→ Action item
In the records below, find the line with "Today we're going", then retype it and every following line exactly, stopping after the line with "Thank you for". Leave the pictures out.

→ Excerpted records

○ ○ ○ ○ ○

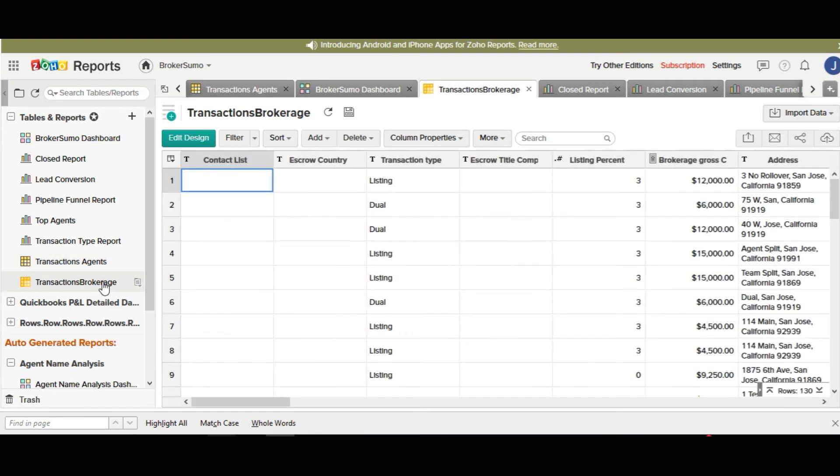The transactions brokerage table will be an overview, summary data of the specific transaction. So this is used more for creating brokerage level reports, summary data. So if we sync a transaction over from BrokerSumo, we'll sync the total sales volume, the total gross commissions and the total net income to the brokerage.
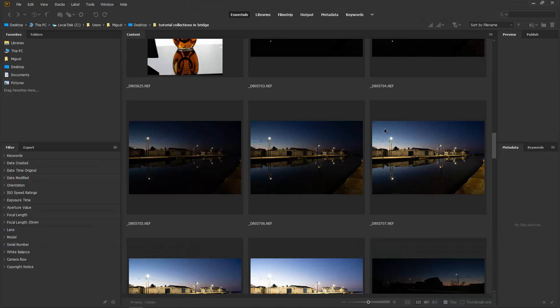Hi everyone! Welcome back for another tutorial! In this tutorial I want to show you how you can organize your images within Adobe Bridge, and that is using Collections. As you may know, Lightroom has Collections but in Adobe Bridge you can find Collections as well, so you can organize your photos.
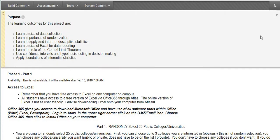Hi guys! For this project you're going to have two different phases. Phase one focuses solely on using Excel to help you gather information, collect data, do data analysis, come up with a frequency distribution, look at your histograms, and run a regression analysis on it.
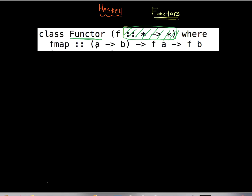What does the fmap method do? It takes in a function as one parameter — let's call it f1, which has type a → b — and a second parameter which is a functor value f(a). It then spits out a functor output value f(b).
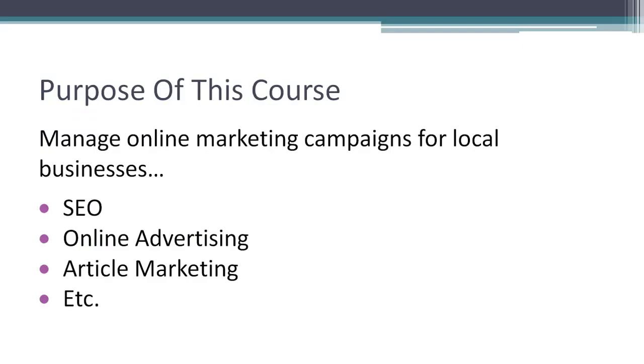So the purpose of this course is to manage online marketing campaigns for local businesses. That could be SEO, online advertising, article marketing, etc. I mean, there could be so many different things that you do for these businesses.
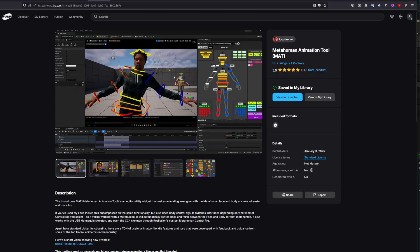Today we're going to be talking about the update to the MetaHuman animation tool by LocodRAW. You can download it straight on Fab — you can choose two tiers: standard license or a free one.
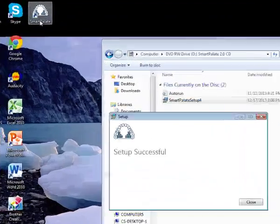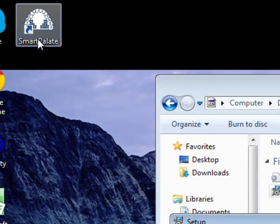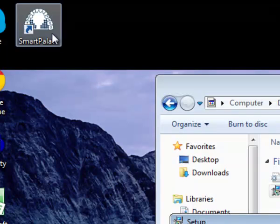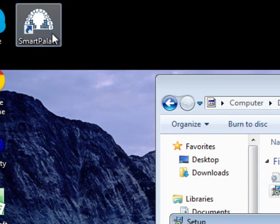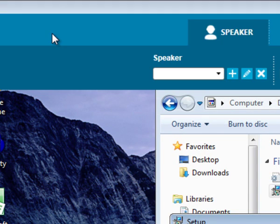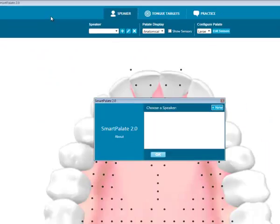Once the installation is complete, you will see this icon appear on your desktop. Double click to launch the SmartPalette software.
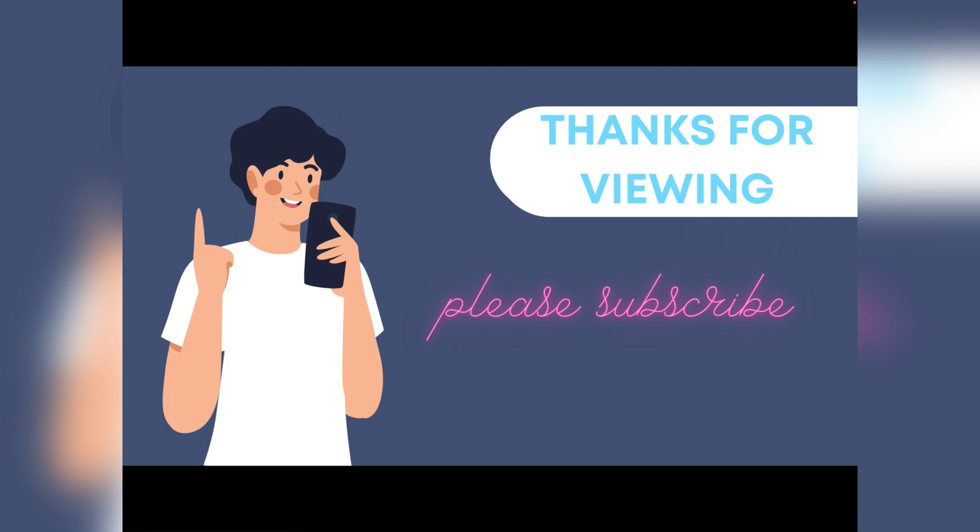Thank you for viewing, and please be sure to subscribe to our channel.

○ ○ ○ ○ ○

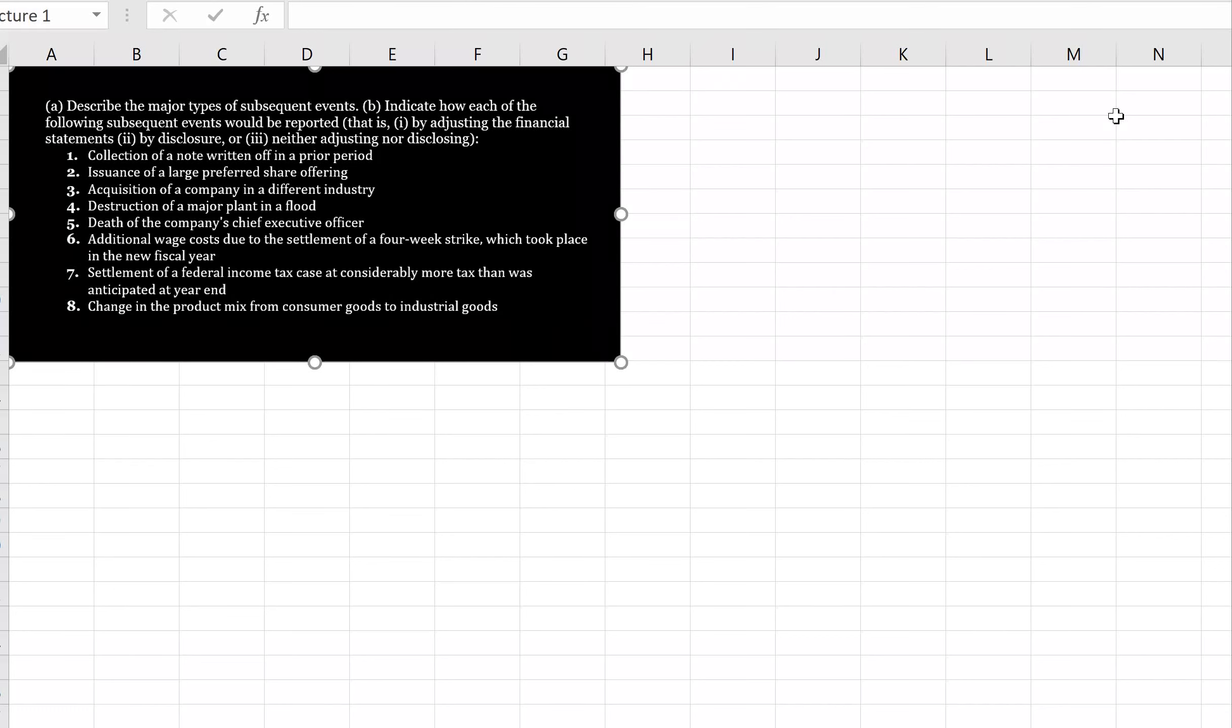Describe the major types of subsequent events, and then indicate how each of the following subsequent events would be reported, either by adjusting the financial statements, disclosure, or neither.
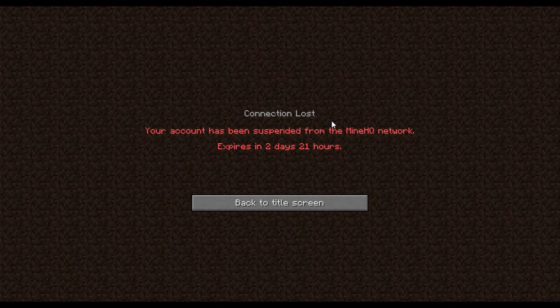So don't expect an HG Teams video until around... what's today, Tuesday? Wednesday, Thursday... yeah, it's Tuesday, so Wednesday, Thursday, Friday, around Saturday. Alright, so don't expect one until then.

○ ○ ○ ○ ○

→ Result of the task
Today we're going to be talking about the update to the MetaHuman animation tool by LocodRAW. You can download it straight on Fab — you can choose two tiers: standard license or a free one.
Once the installation is complete, you will see this icon appear on your desktop. Double click to launch the SmartPalette software.
Thank you for viewing, and please be sure to subscribe to our channel.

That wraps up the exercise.